De begroting van het ministerie van Onderwijs, Cultuur en Wetenschap (OCW) daalt voornamelijk door de maatregelen uit het hoofdlijnenakkoord. Dit zijn onder andere maatregelen voor het hoger onderwijs, zoals het tegengaan van langstuderen en het verminderen van internationale studenten (samen structureel 575 miljoen euro), het afschaffen van de Maatschappelijke Diensttijd (structureel 200 miljoen euro) en de subsidietaakstelling (structureel 361 miljoen euro). Daarnaast dalen de leerlingen- en studentenaantallen.

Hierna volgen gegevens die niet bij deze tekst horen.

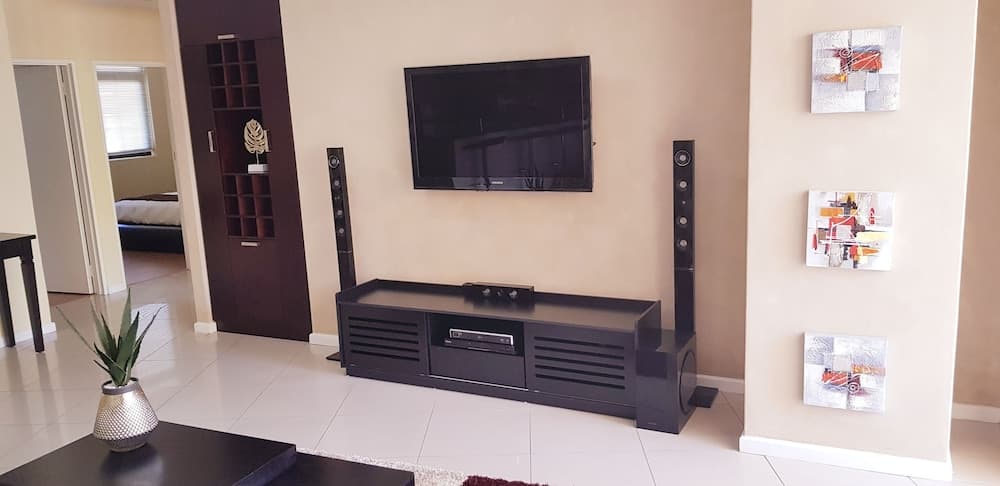 Luxurious Apartment in Century City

Dit leidt ook tot een daling van de uitgaven aan het onderwijs.

De stijging in uitgaven bij het ministerie van Defensie komt onder andere door de middelen uit het hoofdlijnenakkoord waarmee de uitgaven van Defensie in lijn zijn gebracht met de NAVO-doelstelling van 2% bbp. Daarnaast wordt het verloop beïnvloed door een additionele kasschuif van 2024 en 2025 naar 2027-2029.

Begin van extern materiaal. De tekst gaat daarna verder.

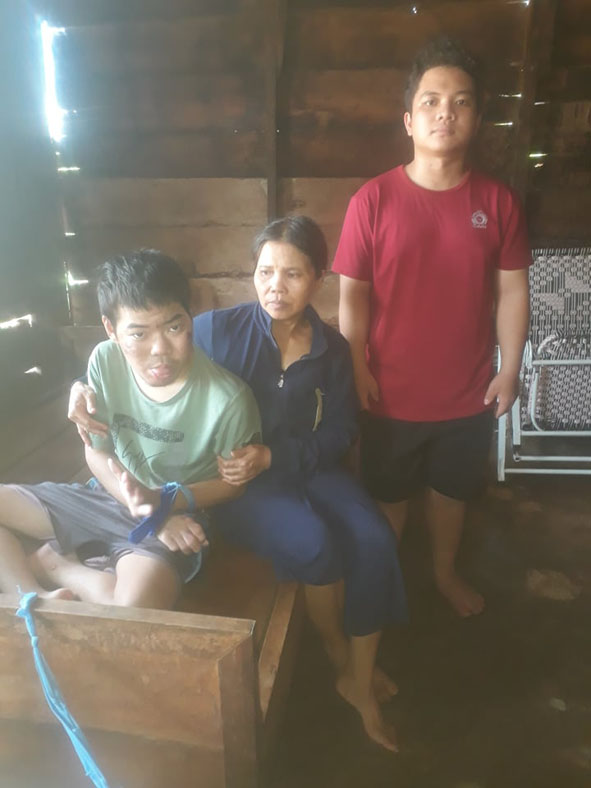 Mẹ con chị Lê Thị Phuyn.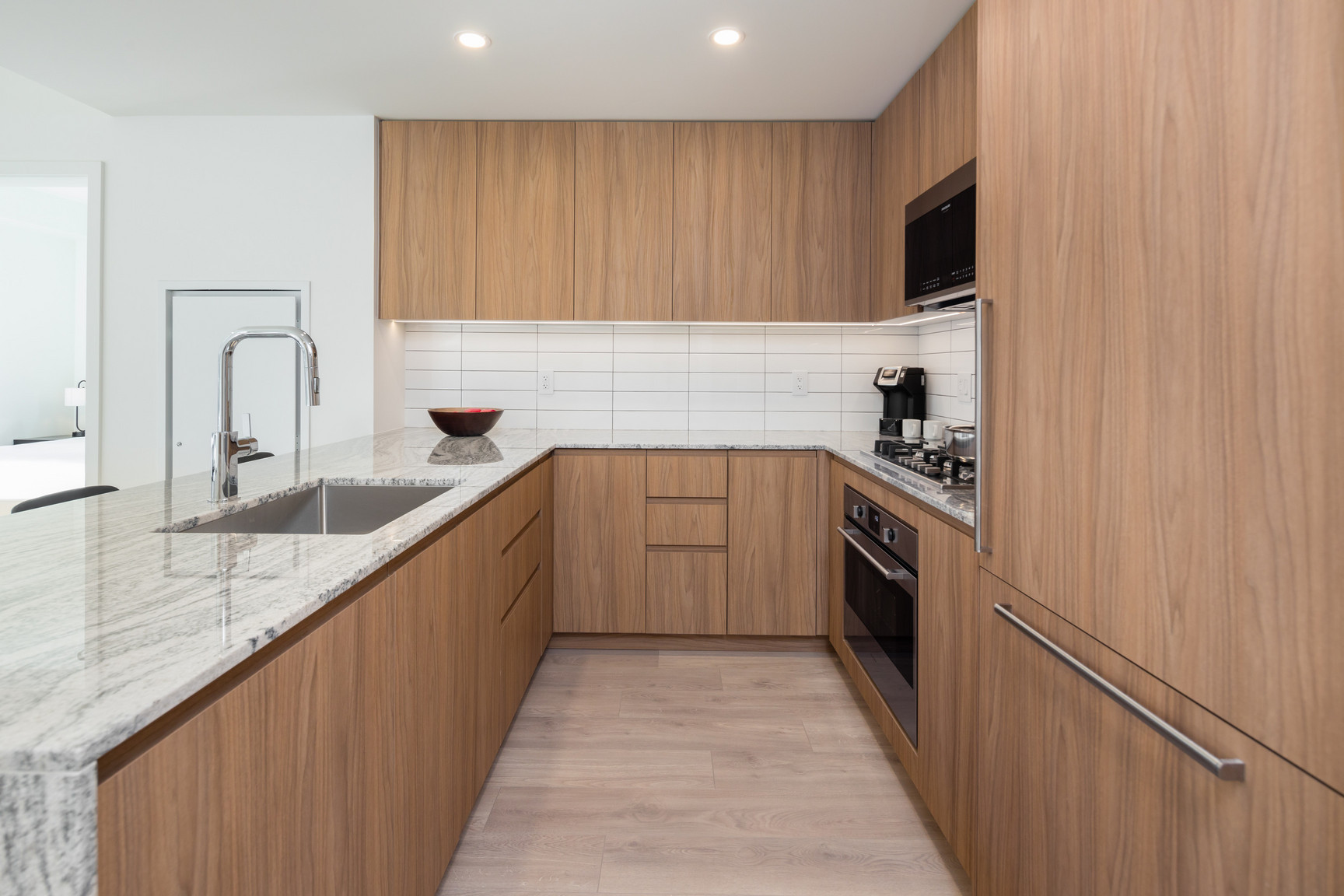 Riva Residences - Photo 4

De stijging bij het ministerie van Buitenlandse Zaken (BZ) komt volledig door de ontwikkeling van de raming van de Nederlandse afdrachten aan de EU en de ontvangsten uit de Herstel- en Veerkrachtfaciliteit. De budgetten op de BZ-begroting voor internationale samenwerking en ontwikkelingshulp blijven stabiel. De verwachte onderuitputting op de EU-begroting leidt ertoe dat de afdrachtenraming in 2024 en 2025 lager is en in 2026 en 2027 hoger is dan verwacht. In de raming van de afdrachten na het huidige Meerjarig Financieel Kader (MFK; 2021-2027) zijn onder andere vanaf 2028 de terug- en rentebetalingen voor het coronaherstelfonds in de raming van de Nederlandse EU-afdrachten opgenomen. In de raming is rekening gehouden met de in het hoofdlijnenakkoord voorgenomen besparing van 1,6 miljard euro. De aanspraak op 5,4 miljard euro uit de Herstel- en Veerkrachtfaciliteit zorgt voor een verlaging van de netto-uitgaven op de BZ-begroting in 2024 tot en met 2026.

De begroting van het ministerie van Financiën daalt doordat de hersteloperatie toeslagen een tijdelijk karakter heeft. De daling bij LVVN wordt met name veroorzaakt door incidenteel budget dat beschikbaar is in 2025, 2026 en in mindere mate 2027. Het gaat hier onder andere om de uitkoopregelingen LBV en LBV+ (Landelijke beëindigingsregeling veehouderijlocaties), de provinciale uitvraag in het kader van de versnellingsaanpak en maatregelen in het kader van het toekomstperspectief landbouw. Daarnaast is het gereserveerde budget voor het Transitiefonds op de Aanvullende Post afgeboekt.

51

Dit zijn de netto-uitgaven op basis van de begrotingsstand ontwerpbegroting en Miljardennota 2025. Dit betekent dat de niet-belastingontvangsten zijn afgetrokken van de uitgaven.

52

De uitgaven voor het Gemeentefonds en het Provinciefonds, Homogene Groep Internationale Samenwerking (HGIS) en huurtoeslag zijn conform de huidige begrotingstechniek in lopende prijzen weergegeven.

53

De begrotingsstanden zijn exclusief de uitgaven aan Oekraïne en de binnenlandse opvang van vluchtelingen uit Oekraïne. Bij Defensie is gecorrigeerd voor het affinancieren van de militaire pensioenen (8,5 miljard euro) en bij Financiën voor de lening aan TenneT.